In the Bible the one named Devil and Satan is shown to be an angel who rebelled against God - the one who spoke through the serpent and seduced Eve into disobeying God's command. He is also identified therein as the accuser of Job, the tempter of the Gospels, and the dragon in the Book of Revelation. It is widely believed that before his betrayal he was the highest of all angels and the "brightest in the sky." His pride is considered a reason why he would not bow to God as all other angels did, but sought to rule heaven himself. He is called "the ruler of the demons" (Matt. 12:24); "the ruler of the world" and even "the god of this world." (2Cor. 4:4) The Bible book of Revelation describes how Satan is cast out of Heaven, down to the earth, having "great anger" and waging war with those "who have the work of bearing witness to Jesus" until he is destroyed forever in the "lake of fire." (Rev. 12:7-17; 20:10)
I'm interested in Ignatian spirituality, and Ignatius called Satan "the bad spirit" or "the emeny, adversary" and saw him as influencing people to turn away from God ... not just a part of peoples' personality but as existing objectively.

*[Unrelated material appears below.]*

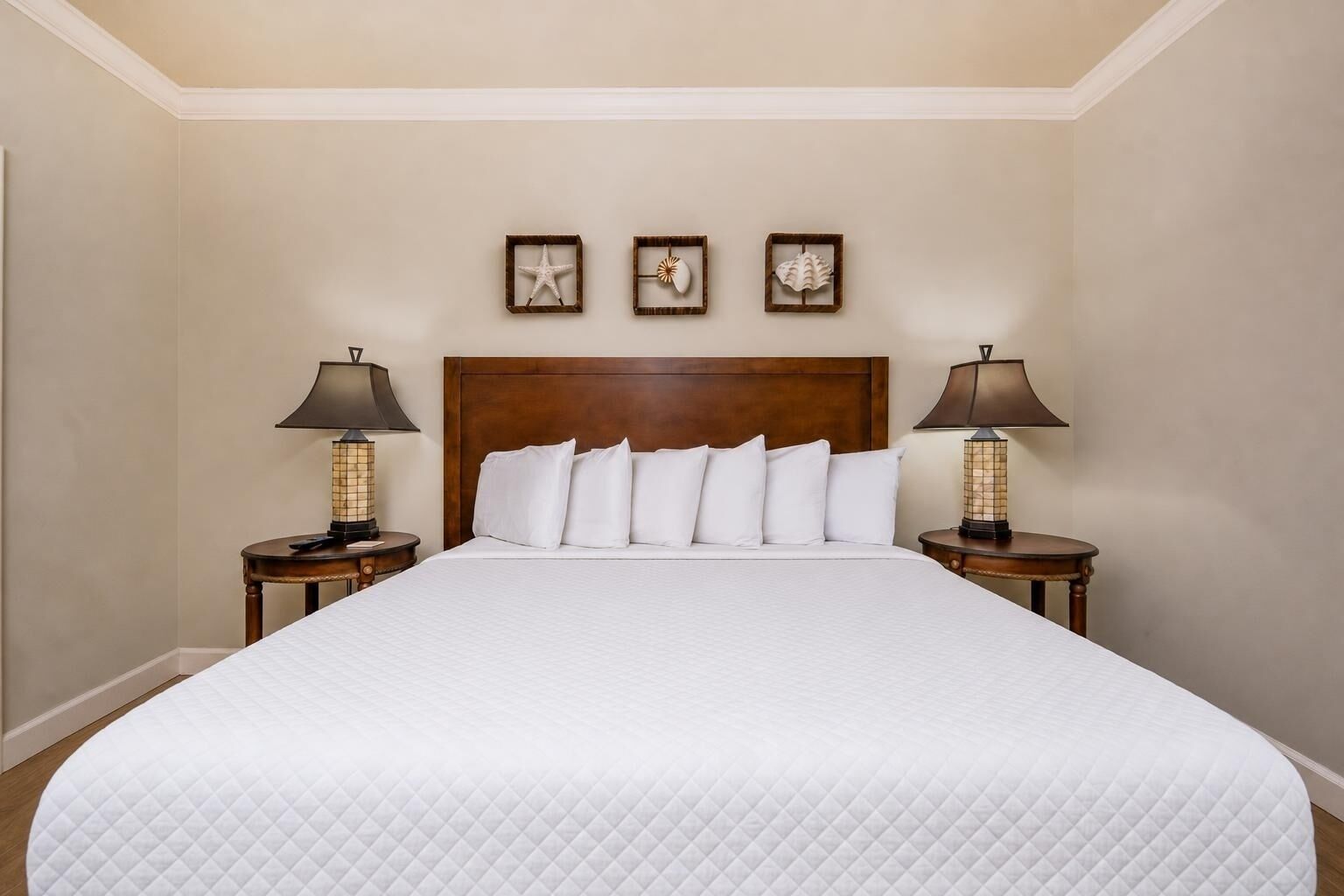 A hotel room with a large bed, two bedside lamps, and three wall-mounted decorative items.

I'm not sure where I stand on this.
I saw this somewhere about Origen ... According to Origen, even Satan will be brought back to G-d at the restoration of the creation.
Well I'm here, David, taking it all in. But I don't feel prepared to contribute at this point.
My primary preoccupation at the moment is how to present Revelation to the Gainesville Friends' Bible Study group as a one shot deal of an hour or two.
Leonardo Boff describes a peasant bible study using shadow puppets. The story from chapters 12-13 (the dragon, the beast, the false lamb) is recounted/retold using the puppets and a narrator.
Then the gathered group takes turns naming the heads of the beast -- poverty, police, hunger -- with the anmes of things that oppress them and "make war on the saints to conquer them".
It would take a lot of prep but I have wondered what that kind of approach might look like in a North American middle class church.